Maria Teresa Horta engendrou durante toda a sua carreira se posicionar a favor das mulheres e repensar o lugar social e intelectual a partir da história e dos contextos sociais em que várias escritoras foram inseridas. Nesse sentido, a preocupação na defesa feminina, além de ações que questionavam leis, a violência e improbidade do Estado na proteção das mulheres, usou a sua poesia para se afirmar, a si, as outras escritoras e a todas as mulheres que assim o entendessem, muitas vezes a partir das amarguras e dos desejos femininos.
Por isso, a ideia da defesa de uma “escrita feminina” para Teresa Horta surge na senda do pensamento de Hélène Cixous, ao tentar justificar um espaço autêntico, através da literatura, da construção desse feminino no discurso poético/artístico, por meio da ruptura com o silêncio e com a visão falocêntrica.
Em suma, existe, sim, para Teresa Horta, uma “escrita feminina” erigida no discurso das mulheres através da representação dos seus corpos, uma escrita que tenta falar de si, de se encontrar fora de preconceitos e de repressões.
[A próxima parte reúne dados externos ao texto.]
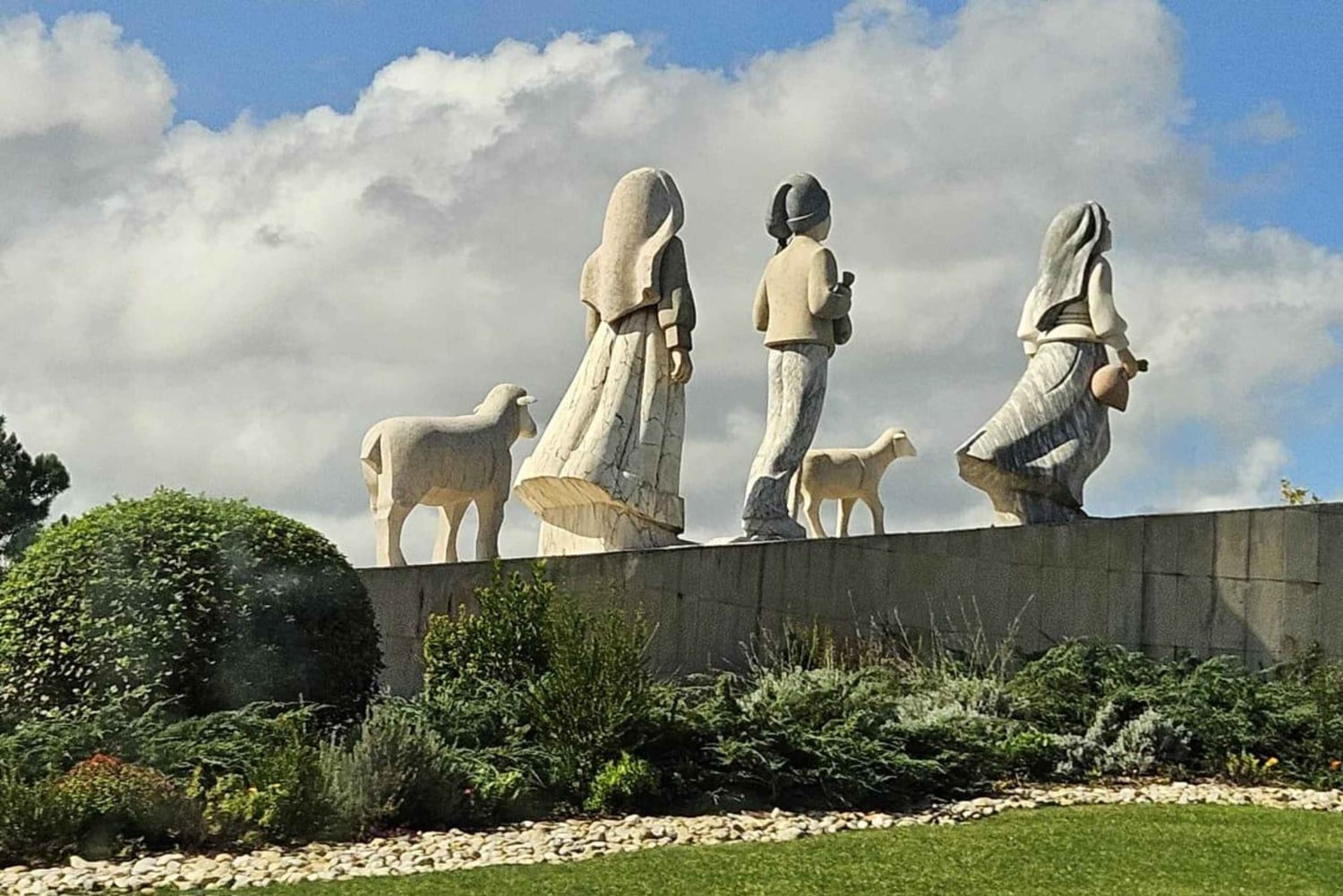 Von Lissabon aus: Heiligtum von Fátima und das Hirtenstädtchen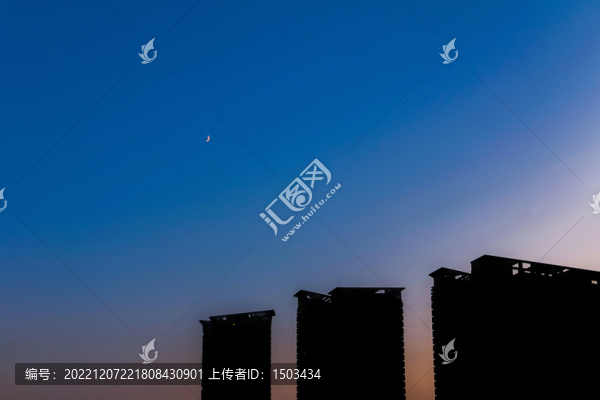 日落后的城市剪影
Evidentemente, essa escrita foi sendo construída através de séculos de delimitação do acesso à formação educacional e que tentou impingir na escrita das intelectuais algum pudor ou delimites de como e do que se poderia escrever e romper com esses parâmetros. Silêncios que, segundo Teresa Horta, só através da linguagem, dos discursos das mulheres “falando de liberdade” e usando as suas “palavras fúlgidas, e arrebatadoras, que as nossas mãos de escritoras desobedientes conduziam” é que se pode questionar as existências “incógnitas” e “ignoradas” das intelectuais (cf. Horta, 2014, pp. 28-29).
Contudo, como alerta Ana Luísa Amaral, apesar das muitas entrevistas e depoimentos de Teresa Horta, sobretudo destacando a dimensão feminina da sua obra e associando-a a partir de uma postura cívica a favor do feminismo e dos direitos das mulheres, faz-se necessário (re)pensar esse olhar hortiano. Embora se afirmando no “ser mulher”, a escritora extrapola e alarga-se “ao mais amplamente humano. Como resistir à escuridão do autoritarismo, das ditaduras várias, e também da ignorância, da soberba, da inveja, da mesquinhez?” (Amaral, 2015, pp. 37-38).
Desse modo, a obra de Teresa Horta subleva-se, trazendo à tona a relação entre corpo, escrita e mundo, entre desejo e emoção, entre respeito e humanidade, se contrapondo ao retrocesso, ao conservadorismo, ao autoritarismo e à hipocrisia.